The man most responsible for the introduction of the BCG vaccine into Sweden, Professor Walgen, became disillusioned with the vaccine after learning that four people died following BCG vaccination. Professor Walgen stated:

"We have hitherto encouraged by publicity as many as possible to have themselves BCG-vaccinated, even if there was no obvious risk of exposure. We can no longer accept the non-dangerousness of our propaganda… Most of the BCG vaccinations, in countries like Sweden, never had any opportunity of exciting any protective action during childhood. In a word, they were unnecessary."
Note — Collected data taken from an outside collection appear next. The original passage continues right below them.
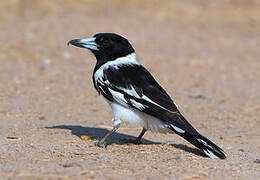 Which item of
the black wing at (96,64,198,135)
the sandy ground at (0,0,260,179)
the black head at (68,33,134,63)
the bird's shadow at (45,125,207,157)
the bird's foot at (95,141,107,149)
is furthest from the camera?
the black head at (68,33,134,63)

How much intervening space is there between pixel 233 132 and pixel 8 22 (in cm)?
817

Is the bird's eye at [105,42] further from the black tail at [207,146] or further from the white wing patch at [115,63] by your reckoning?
the black tail at [207,146]

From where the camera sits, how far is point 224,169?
4.89 metres

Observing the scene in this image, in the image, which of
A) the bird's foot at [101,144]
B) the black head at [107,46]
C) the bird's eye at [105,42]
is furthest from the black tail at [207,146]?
the bird's eye at [105,42]

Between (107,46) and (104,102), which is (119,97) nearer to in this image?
(107,46)

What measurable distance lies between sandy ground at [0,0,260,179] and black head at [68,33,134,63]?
0.99 meters

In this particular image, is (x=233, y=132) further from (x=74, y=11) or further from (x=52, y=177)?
(x=74, y=11)

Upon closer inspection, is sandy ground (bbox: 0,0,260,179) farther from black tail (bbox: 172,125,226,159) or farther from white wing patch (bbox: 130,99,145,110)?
white wing patch (bbox: 130,99,145,110)

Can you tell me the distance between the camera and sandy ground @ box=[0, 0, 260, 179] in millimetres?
4891

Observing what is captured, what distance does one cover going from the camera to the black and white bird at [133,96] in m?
5.39

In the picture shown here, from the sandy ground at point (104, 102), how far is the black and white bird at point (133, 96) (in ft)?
0.70

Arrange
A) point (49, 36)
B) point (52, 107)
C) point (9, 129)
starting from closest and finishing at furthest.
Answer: point (9, 129), point (52, 107), point (49, 36)

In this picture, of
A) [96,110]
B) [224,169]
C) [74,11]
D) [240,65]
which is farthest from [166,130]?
[74,11]

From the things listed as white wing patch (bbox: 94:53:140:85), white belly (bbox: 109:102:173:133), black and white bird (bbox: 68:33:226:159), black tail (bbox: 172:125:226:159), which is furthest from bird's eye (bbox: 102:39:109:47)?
black tail (bbox: 172:125:226:159) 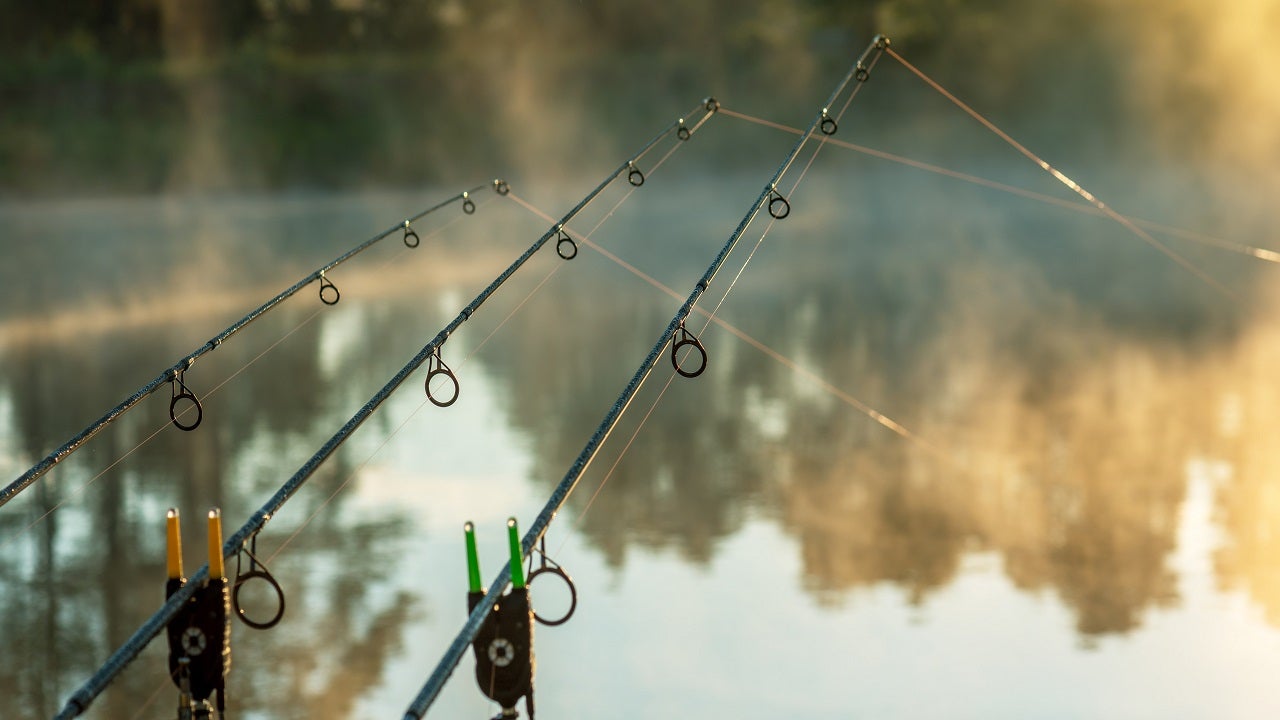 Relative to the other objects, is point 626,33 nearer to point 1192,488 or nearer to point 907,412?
point 907,412

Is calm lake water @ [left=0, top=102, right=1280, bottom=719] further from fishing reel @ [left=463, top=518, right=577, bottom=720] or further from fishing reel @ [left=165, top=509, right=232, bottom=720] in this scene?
fishing reel @ [left=463, top=518, right=577, bottom=720]

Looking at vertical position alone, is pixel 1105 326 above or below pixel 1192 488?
above

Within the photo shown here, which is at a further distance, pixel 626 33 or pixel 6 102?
pixel 626 33

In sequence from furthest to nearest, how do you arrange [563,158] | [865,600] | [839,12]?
1. [563,158]
2. [839,12]
3. [865,600]

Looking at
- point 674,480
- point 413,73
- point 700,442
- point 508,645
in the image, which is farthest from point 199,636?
point 413,73

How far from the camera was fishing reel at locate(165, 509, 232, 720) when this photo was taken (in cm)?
322

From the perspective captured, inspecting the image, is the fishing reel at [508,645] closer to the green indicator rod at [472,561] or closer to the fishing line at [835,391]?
the green indicator rod at [472,561]

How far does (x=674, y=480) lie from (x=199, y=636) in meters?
13.6

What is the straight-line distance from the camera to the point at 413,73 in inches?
1324

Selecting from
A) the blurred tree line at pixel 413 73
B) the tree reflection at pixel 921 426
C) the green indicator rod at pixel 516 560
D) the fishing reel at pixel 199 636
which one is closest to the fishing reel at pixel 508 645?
the green indicator rod at pixel 516 560

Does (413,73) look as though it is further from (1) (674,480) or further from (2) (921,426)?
(1) (674,480)

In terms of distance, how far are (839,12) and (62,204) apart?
725 inches

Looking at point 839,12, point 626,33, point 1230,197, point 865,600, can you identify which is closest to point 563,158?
point 626,33

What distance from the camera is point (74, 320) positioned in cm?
2778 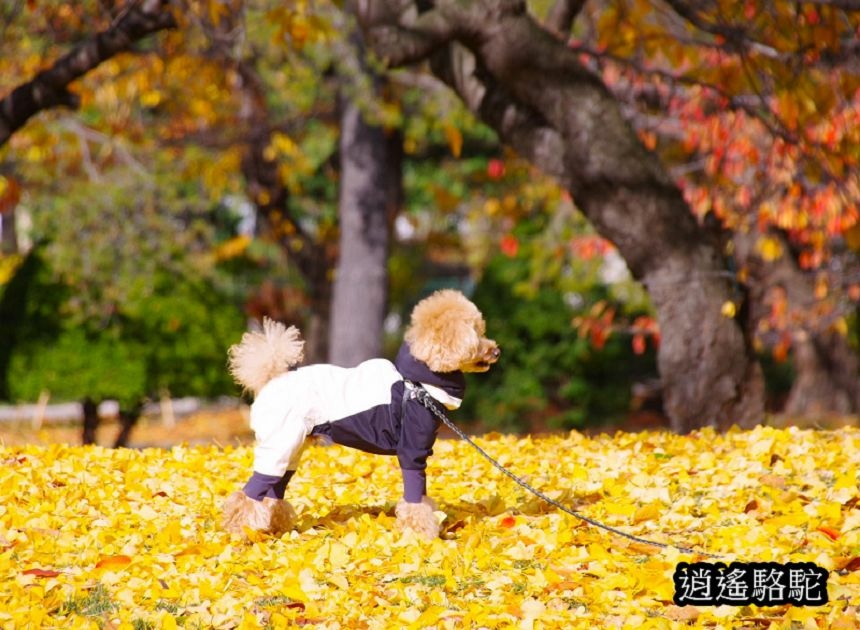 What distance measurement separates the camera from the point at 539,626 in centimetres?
384

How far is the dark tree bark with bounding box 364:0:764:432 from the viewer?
7.79 metres

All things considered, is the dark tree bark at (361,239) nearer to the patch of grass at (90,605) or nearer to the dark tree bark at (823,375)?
the dark tree bark at (823,375)

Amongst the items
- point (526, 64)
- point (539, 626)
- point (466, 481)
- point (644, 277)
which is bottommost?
point (539, 626)

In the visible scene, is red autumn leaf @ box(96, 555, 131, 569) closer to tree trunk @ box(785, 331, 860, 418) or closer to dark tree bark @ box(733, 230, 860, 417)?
dark tree bark @ box(733, 230, 860, 417)

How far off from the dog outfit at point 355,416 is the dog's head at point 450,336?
0.30 feet

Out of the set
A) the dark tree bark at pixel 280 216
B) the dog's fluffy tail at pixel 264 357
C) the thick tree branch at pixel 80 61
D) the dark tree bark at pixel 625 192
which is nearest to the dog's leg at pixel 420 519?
the dog's fluffy tail at pixel 264 357

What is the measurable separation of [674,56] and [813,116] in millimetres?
1224

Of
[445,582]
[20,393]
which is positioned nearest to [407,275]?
[20,393]

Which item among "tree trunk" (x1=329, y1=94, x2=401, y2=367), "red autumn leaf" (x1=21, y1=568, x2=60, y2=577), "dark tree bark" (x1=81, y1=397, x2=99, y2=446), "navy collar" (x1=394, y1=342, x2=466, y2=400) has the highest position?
"tree trunk" (x1=329, y1=94, x2=401, y2=367)

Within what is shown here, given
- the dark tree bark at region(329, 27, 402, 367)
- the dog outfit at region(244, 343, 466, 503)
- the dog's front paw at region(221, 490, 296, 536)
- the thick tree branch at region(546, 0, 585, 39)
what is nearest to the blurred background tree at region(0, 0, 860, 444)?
the thick tree branch at region(546, 0, 585, 39)

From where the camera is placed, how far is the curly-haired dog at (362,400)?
477 centimetres

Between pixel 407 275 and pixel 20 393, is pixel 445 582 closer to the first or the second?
pixel 20 393

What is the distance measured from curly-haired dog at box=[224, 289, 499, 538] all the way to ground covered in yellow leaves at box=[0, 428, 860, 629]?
16 cm

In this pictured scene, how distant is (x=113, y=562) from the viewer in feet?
15.5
In the book, Infectious Disease (Maude), it is mentioned that upon to 5 % of BCG recipients develop persistent or spreading skin ulcers, inflamed regional lymph nodes or keloid formation. In his book, Attenuated Infection (1960), Harold Simon, M.D., says:

"Some strains of BCG do produce morbidity, if not actual progressive tuberculosis in man. A report from Holland indicates that a significant number of infants developed lymphadenitis, phlyctenular conjunctivitis and draining sinuses, following BCG vaccination."

According to Doctors Archie Kalokerinos and Glen Dettman, tuberculosis vaccines in Australia have resulted in over 600 deaths in children (Let's live, December 1976, p. 57).

It is interesting to note that The Netherlands had the lowest death rate from respiratory TB for any European country in 1957-59 and 1967-69, despite having no national BCG programme.